What is the producer-consumer problem? Explain in brief.
Producer–Consumer (Bounded-Buffer) Problem
The producer–consumer problem is a classic process-synchronization problem in which:
- A producer process generates data items and puts them into a shared, fixed-size buffer.
- A consumer process removes items from the buffer and uses them.
Requirements (synchronization constraints):
- The producer must not add an item when the buffer is full.
- The consumer must not remove an item when the buffer is empty.
- Access to the shared buffer must be mutually exclusive (only one process modifies it at a time) to avoid race conditions on the count/index.
Standard semaphore solution uses three semaphores:
semaphore mutex = 1; // mutual exclusion on buffer
semaphore empty = n; // count of empty slots
semaphore full = 0; // count of filled slots
Producer: Consumer:
wait(empty); wait(full);
wait(mutex); wait(mutex);
add item to buffer; remove item from buffer;
signal(mutex); signal(mutex);
signal(full); signal(empty);
Here empty blocks the producer on a full buffer, full blocks the consumer on an empty buffer, and mutex guarantees mutually exclusive access, preventing race conditions.
Explain the Dining Philosophers problem.
Dining Philosophers Problem
Five philosophers sit around a circular table; each alternates between thinking and eating. There are five chopsticks (forks), one between each pair of neighbours. To eat, a philosopher needs both the left and right chopsticks; after eating, both are released.
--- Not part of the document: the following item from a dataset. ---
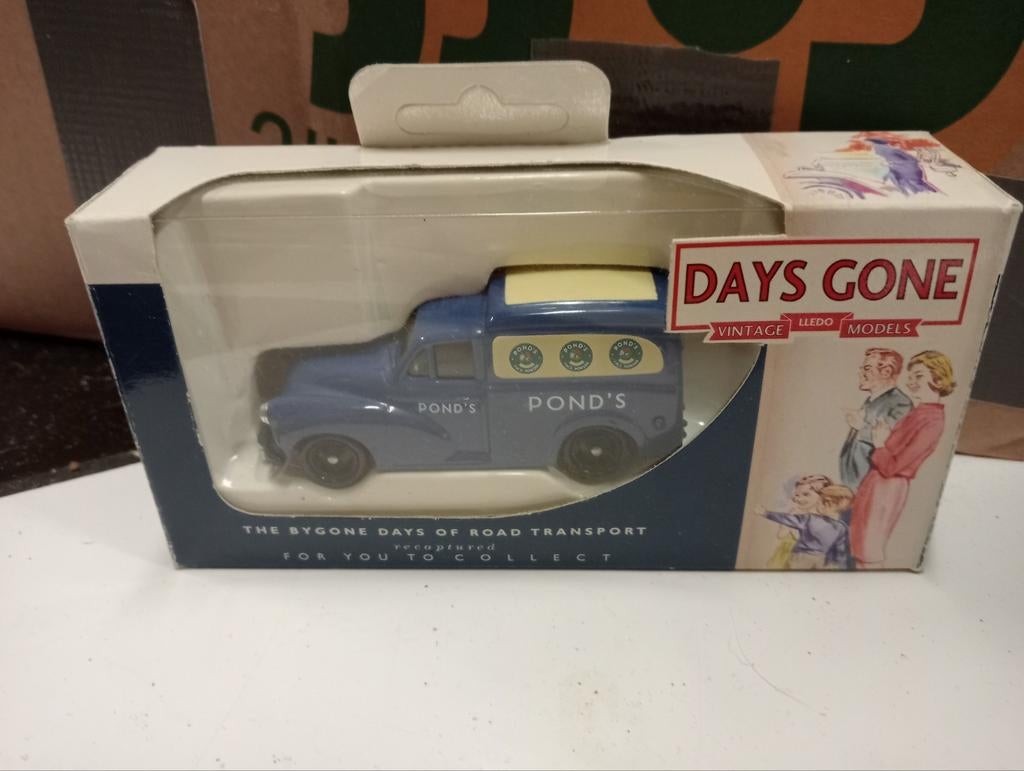 Morris Minor van lledo ponds, Ophalen of Verzenden, Auto, Overige merken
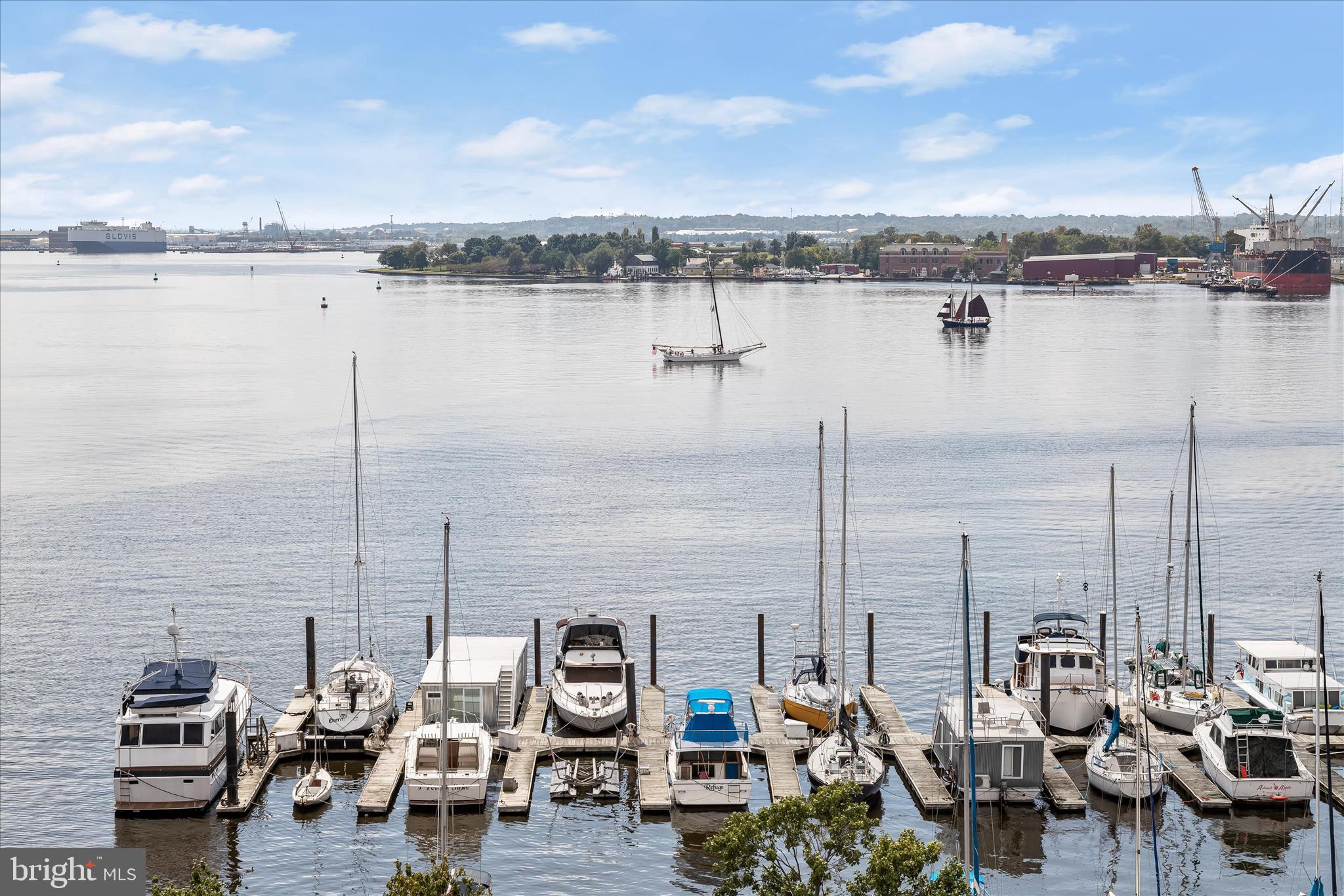 2901 Boston Street, Unit 302 Baltimore, MD 21224 - Photo 53 of 61 Rooftop View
It is a classic model of resource sharing among concurrent processes and illustrates deadlock and starvation.
Naïve solution (each chopstick = a semaphore):
semaphore chopstick[5] = {1,1,1,1,1};
Philosopher i:
wait(chopstick[i]); // pick up left
wait(chopstick[(i+1)%5]); // pick up right
eat;
signal(chopstick[i]);
signal(chopstick[(i+1)%5]);
think;
Problem: If all five philosophers simultaneously pick up their left chopstick, each waits forever for the right one → deadlock (circular wait), and a philosopher may also starve.
Solutions to avoid deadlock:
- Allow at most four philosophers at the table at a time.
- Pick up both chopsticks only if both are available (atomically).
- Asymmetric ordering: odd-numbered philosophers pick the left chopstick first, even-numbered pick the right first, breaking the circular-wait condition.
What is thrashing? How can it be prevented?
Thrashing
Thrashing is a condition in a virtual-memory system where a process (or the whole system) spends more time swapping pages in and out of memory than executing instructions. It happens when processes do not have enough frames to hold their working set, so each reference causes a page fault, replacing a page that is needed again immediately. The result is a sharp drop in CPU utilization even though the CPU appears busy handling page faults.
Cause: Too high a degree of multiprogramming → not enough frames per process → high page-fault rate → CPU utilization falls → the scheduler admits even more processes, worsening the situation.
Prevention / Control
- Working-set model – allocate each process enough frames to hold its current working set; suspend processes if total demand exceeds available frames.
- Page-Fault Frequency (PFF) control – monitor each process's fault rate; give it more frames if the rate is too high, take frames away if it is too low.
- Reduce degree of multiprogramming – swap out / suspend some processes so the rest have enough memory.
- Use local replacement so one thrashing process cannot steal frames from others.
- Add more physical RAM so working sets fit in memory.